It’s All About Ecosystems in the Internet of Things
INTERNET OF THINGS SOLUTIONS, as everyone knows, require a complex mix of sensors, gateways, software applications, and network connections. Less widely appreciated, however, is the equally complex mix of partners needed to bring all those components together and keep them operational.
“It takes a village with some of these solutions,” says Nicole Denil, general manager of global channel sales for the Internet of Things at Microsoft Corp.
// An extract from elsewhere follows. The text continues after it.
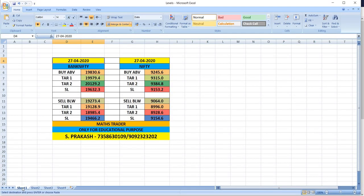27th April 2020. Bank Nifty, buy above 19,831. Targets 19,979 and then 20,129. Bank Nifty, sell below 19,273. Targets 19,128 and then 18,985.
And not a small village at that, according to her colleague Rodney Clark, Microsoft’s vice president for IoT and mixed reality sales.
“Anywhere from five to 25 partners are needed and necessary to complete an end-to-end solution,” he says.
Indeed, to an even greater degree than usual in the world of technology, IoT solutions are a team effort requiring deep knowledge not just of hardware, software, and the cloud, but deployment, provisioning, orchestration, management, and more. The implications for IoT integrators are clear.
“Anywhere from five to 25 partners are needed and necessary to complete an end-to-end solution.”—RODNEY CLARK, VICE PRESIDENT, IOT AND MIXED REALITY SALES, MICROSOFT CORP.
“You’re going to need to partner with people,” says Jay McBain, who leads Forrester Research Inc.’s research and advisory practice for global channels, alliances, and partnerships.
Finding the right partners is no mean feat though. According to McBain, there are roughly 100,000 vendors in the IT industry at present. Thanks largely to the Internet of Things, that number will stand at 1 million a decade from now. Like the even larger constellation of IoT service providers surrounding them, McBain predicts, each of those companies will specialize in meeting specific needs for businesses of specific sizes in specific industries and specific locations.
Considering the Options
Channel pros will need help sifting through all those options, observes Sean Colby, a manager of IoT partner enablement at Tech Data Corp., of Clearwater, Fla. “You’ve got to have some kind of solutions aggregator to be able to complete these ecosystem-oriented kinds of business solutions,” he says. With their giant product catalogs and wide-ranging supplier relationships, Colby continues, distributors like Tech Data are ideal candidates for the job.
Such companies consistently urge would-be IoT integrators to be as specialized as IoT vendors are becoming. In IT generally, cultivating one narrow skill can be limiting, notes Rob Moyer, vice president for cloud, mobility, and IoT at SYNNEX Corp., of Fremont, Calif. In IoT, it’s the surest route to profitability.
“There’s a big business in just solving one or two problems,” Moyer says, adding that for proof one need only look at the report he gets every quarter of the distributor’s top 25 IoT partners. “I love that I can’t recognize half the names,” he says. “These are small partners that are finding niches and they’re putting up big numbers.”
Distributors can help in that process by making introductions for partners with complementary abilities, according to Colin Blair, Tech Data’s vice president of analytics and IoT solutions. “We’ve been able to create a really good pipeline for business going both ways,” he says.
The wide variety of skills required on IoT projects makes getting into the market easier, observes Blair, who counsels channel pros to build first on what they already know. “If they’re a networking specialist, then that gives them adjacencies into IoT gateways and the edge,” he says.
McBain agrees. “There are some ‘born in the cloud’ players that don’t do traditional IT services,” he notes. They can be fertile sources of sales leads for MSPs and VARs with experience managing IoT hardware.
Microsoft’s Clark advises newcomers to IoT to take a close look at their capabilities and identify their “superpower,” the core, targeted skill that they possess and that IoT solutions require. “Really understand from a partner perspective where you play in the value chain,” he says. Then start building relationships with hardware makers, software developers, and other ecosystem players. The possibilities are limitless.
“There are so many green fields right now,” McBain says. Find yourself just the right one and you’ll have a secure place in the IoT ecosystem for years to come.